(Crawled caption data)
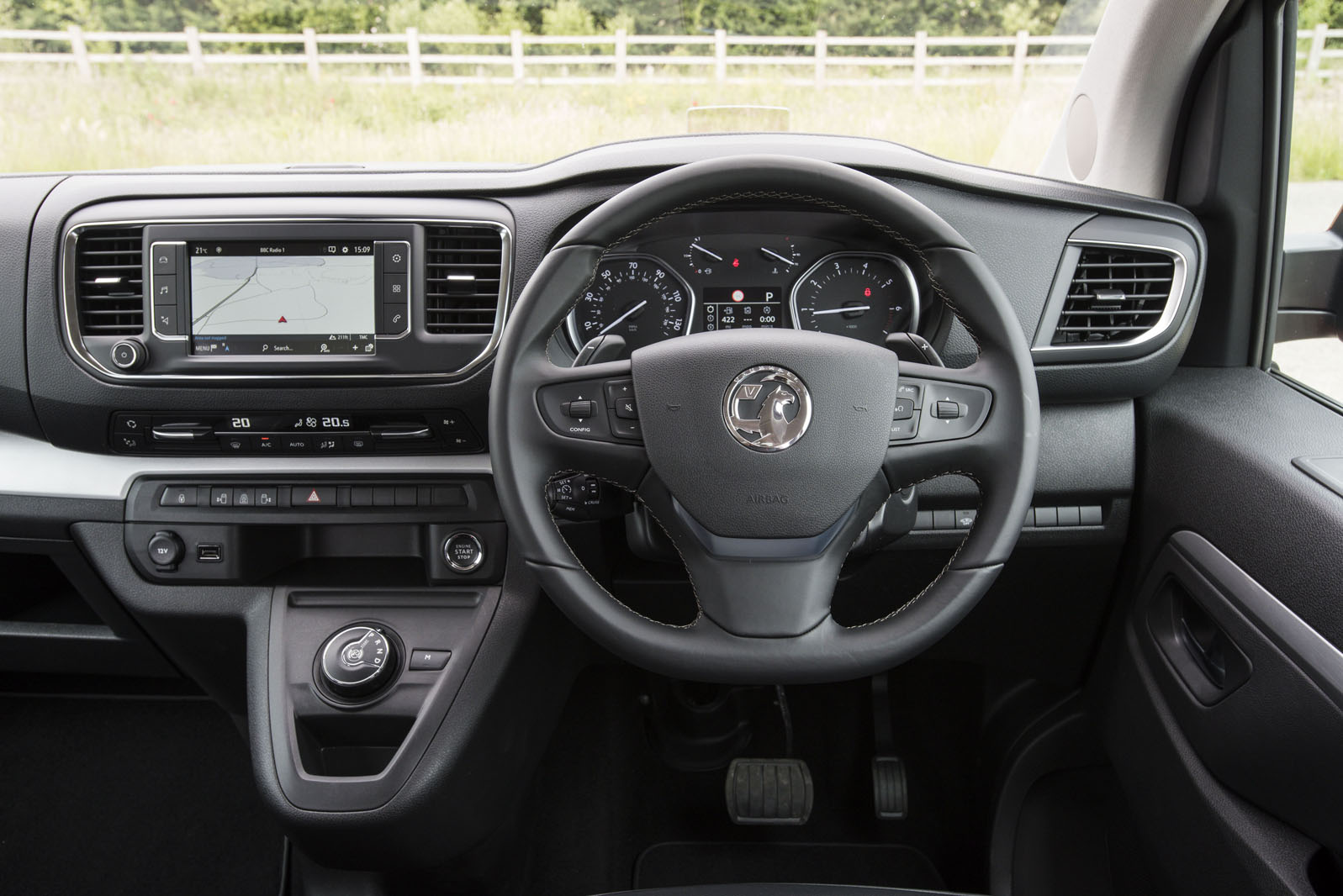 Opel Vivaro interior - Cockpit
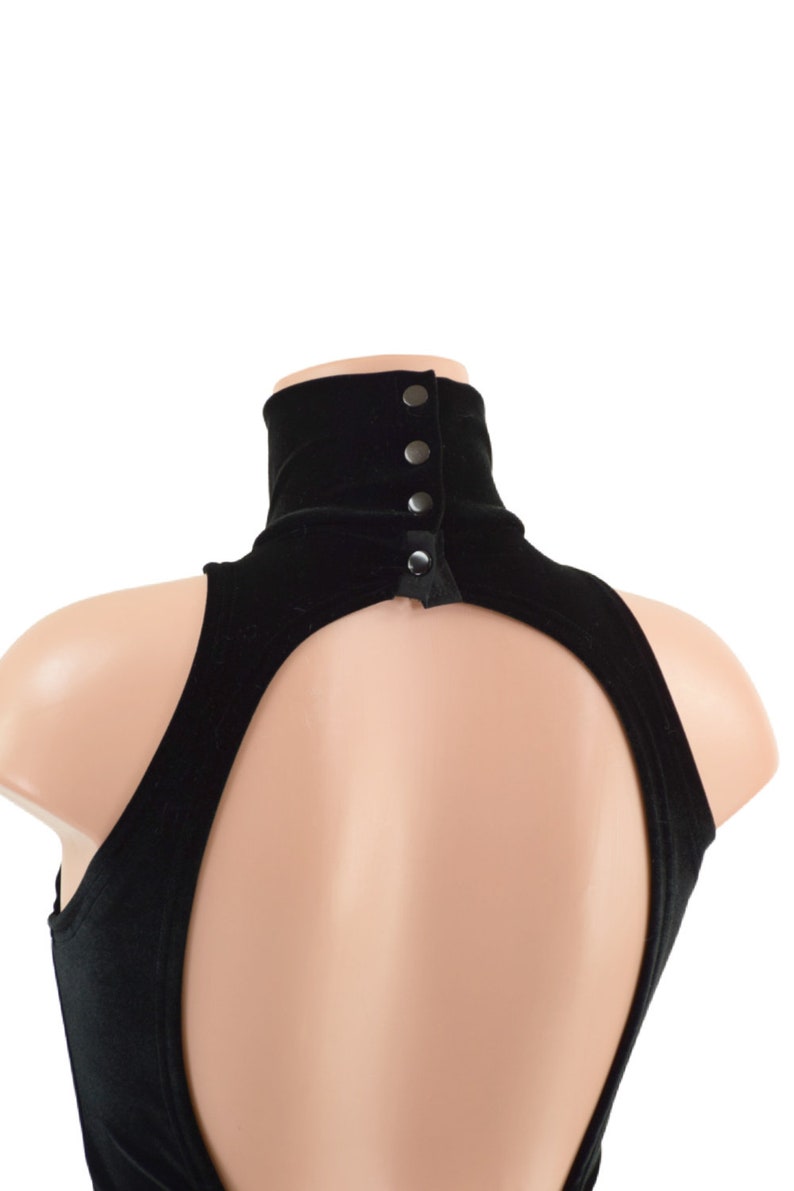 Op de afbeelding: Zwarte fluwelen turtleneck met een sleutelgatrug en knoopsluitingen aan de achterkant van de nek.
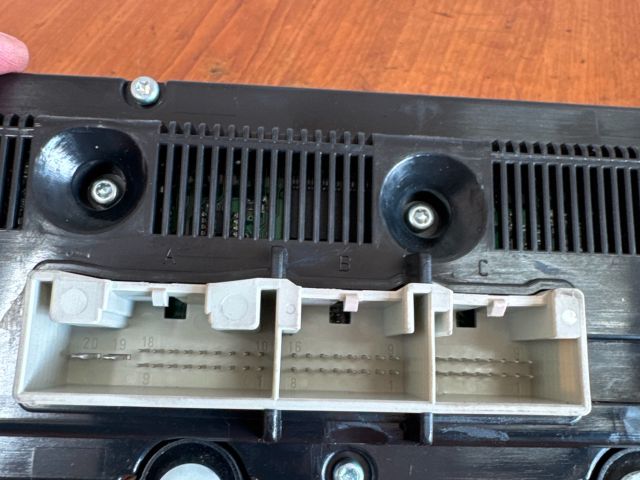 bontott VW PASSAT B6 Fűtéskapcsoló (digit klímás)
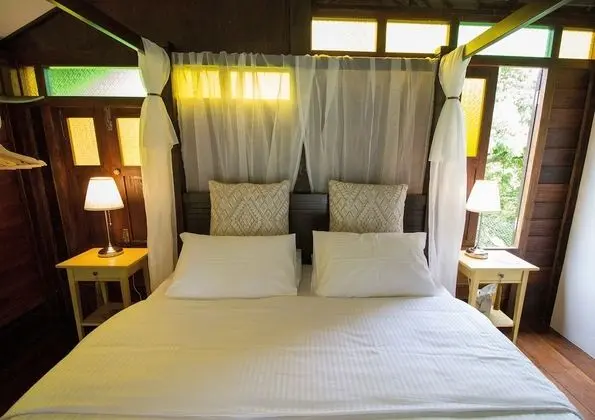 Villa (Tinggi)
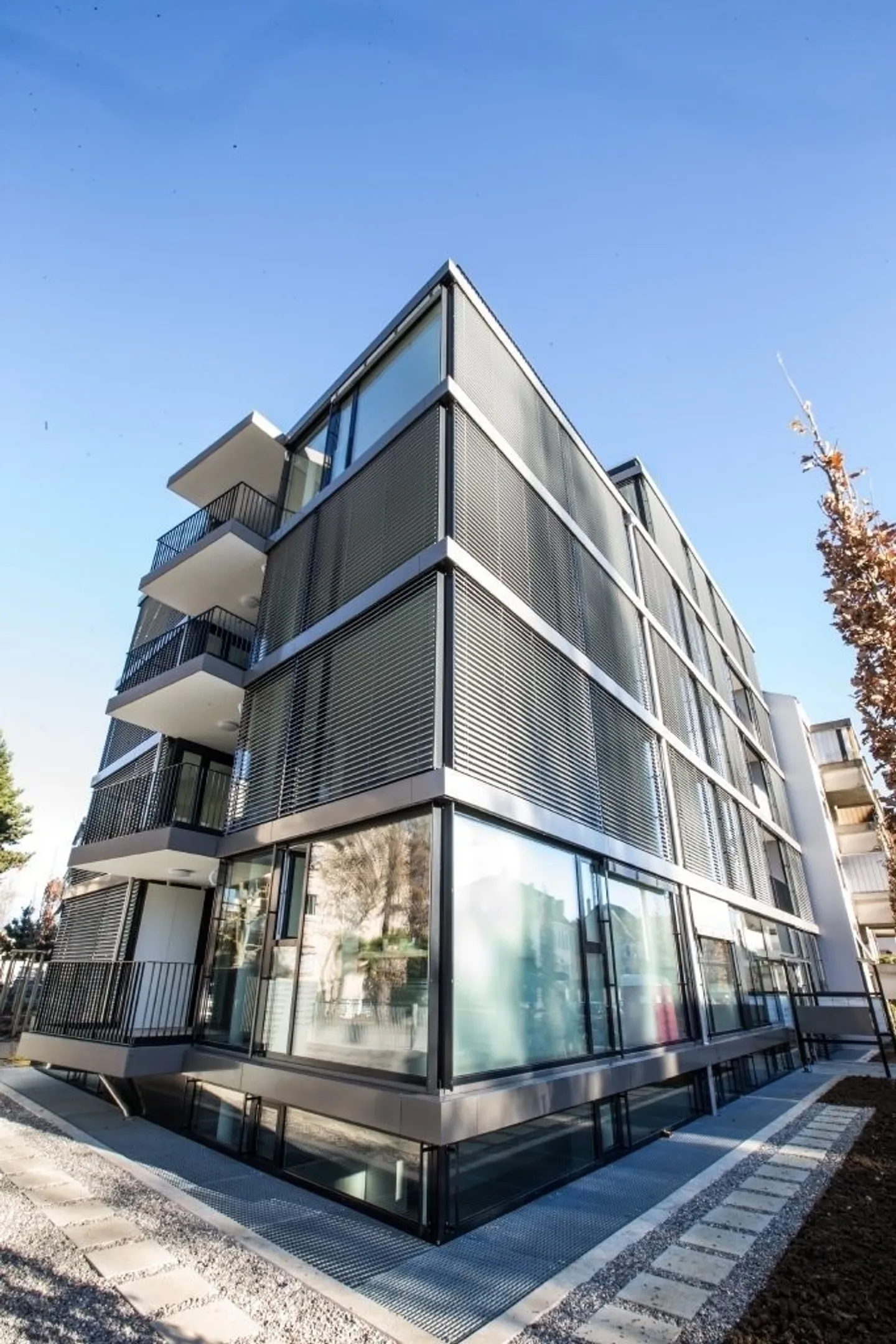 Ampio e luminoso appartamento di 4,5 stanze con finiture esclusive - Foto 1 di 6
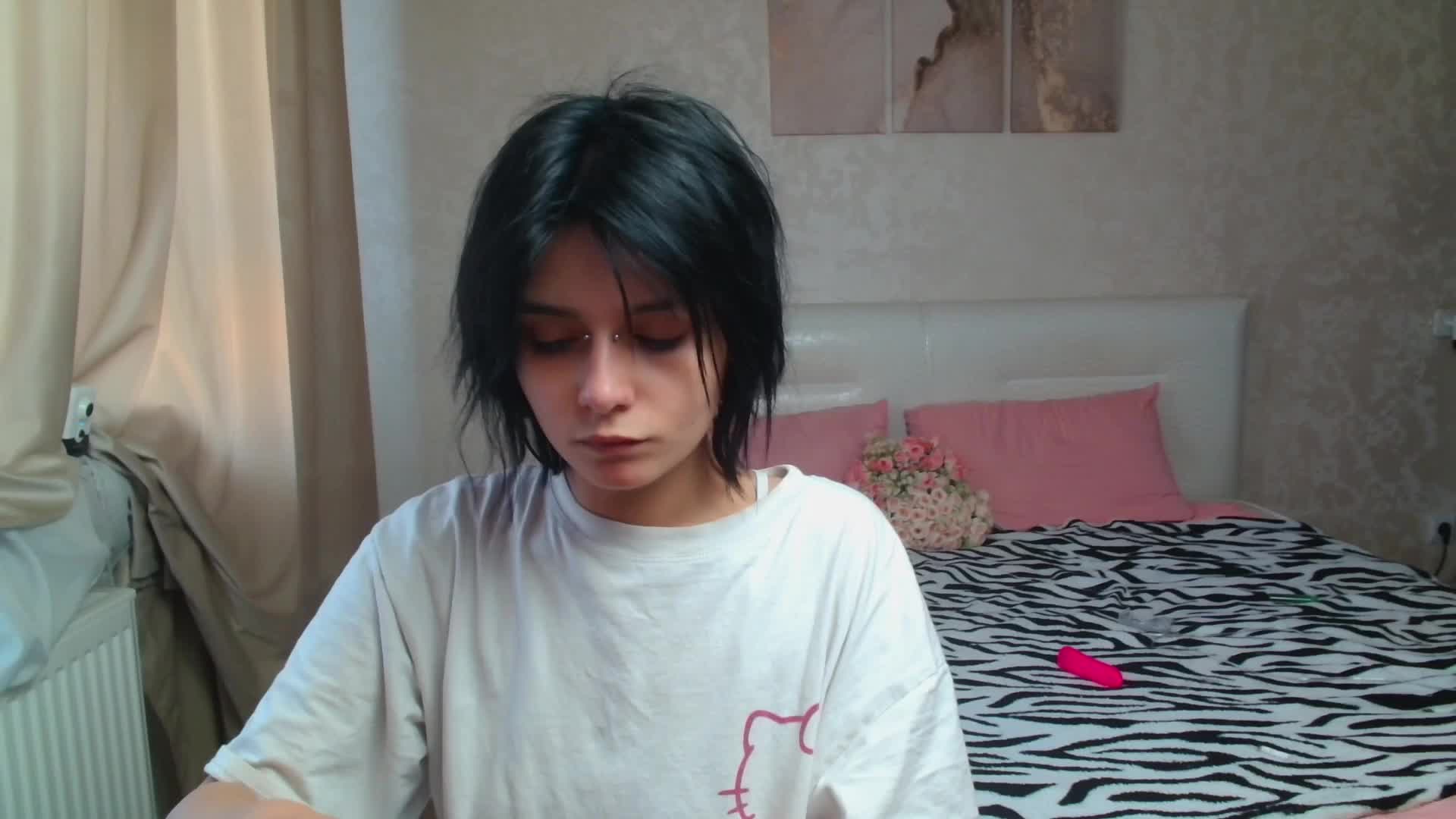 TheSluttyFox Cam Model Chat August 2, 2026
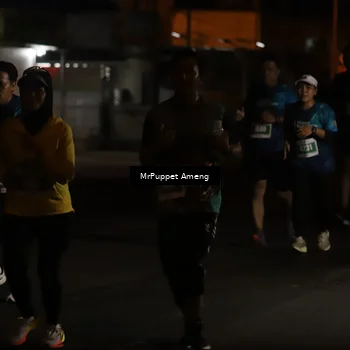 Runner Photo 4423483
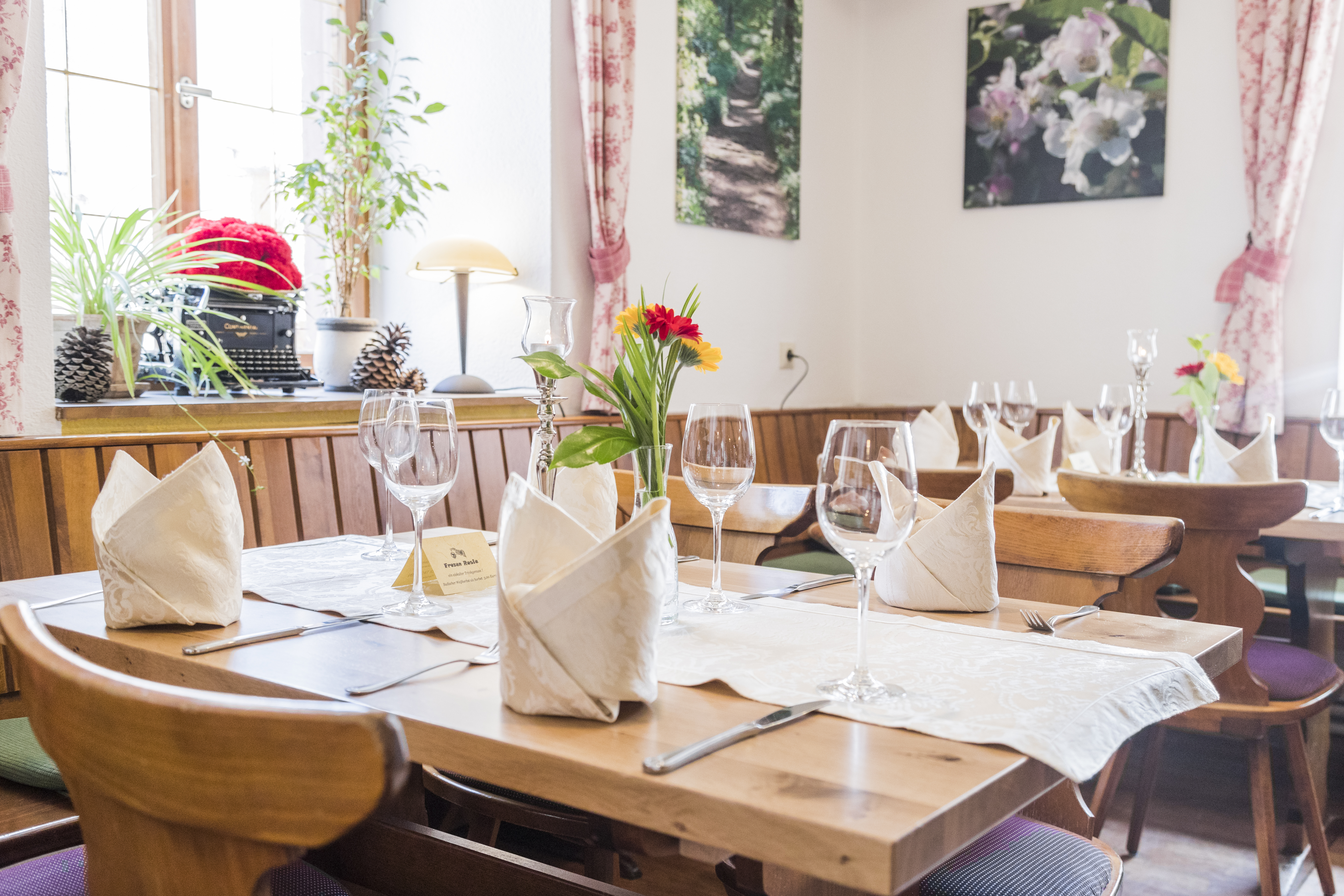 Essen-gehen - PLZ 79219 (Deutschland) - Hotel Restaurant Zum Ochsen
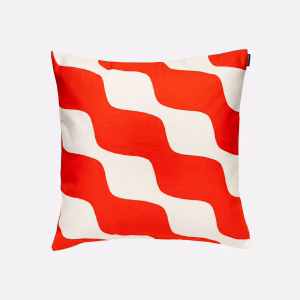 Marimekko Taifuuni Kissenbezug 50 × 50 cm aus Bio-Baumwoll-Canvas mit organischem Muster in Orange-Rot und Off-White.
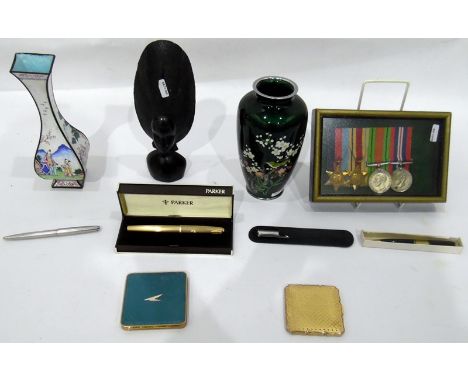 Oriental enamel vase, 20cm high, another modern enamel vase, a cased set of four replica medals, compacts, a Parker fountain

= Work item =
The result should be a verbatim copy of the data, free of pictures.

= Your solution =
 Opel Vivaro interior - Cockpit
 Op de afbeelding: Zwarte fluwelen turtleneck met een sleutelgatrug en knoopsluitingen aan de achterkant van de nek.
 bontott VW PASSAT B6 Fűtéskapcsoló (digit klímás)
 Villa (Tinggi)
 Ampio e luminoso appartamento di 4,5 stanze con finiture esclusive - Foto 1 di 6
 TheSluttyFox Cam Model Chat August 2, 2026
 Runner Photo 4423483
 Essen-gehen - PLZ 79219 (Deutschland) - Hotel Restaurant Zum Ochsen
 Marimekko Taifuuni Kissenbezug 50 × 50 cm aus Bio-Baumwoll-Canvas mit organischem Muster in Orange-Rot und Off-White.
 Oriental enamel vase, 20cm high, another modern enamel vase, a cased set of four replica medals, compacts, a Parker fountain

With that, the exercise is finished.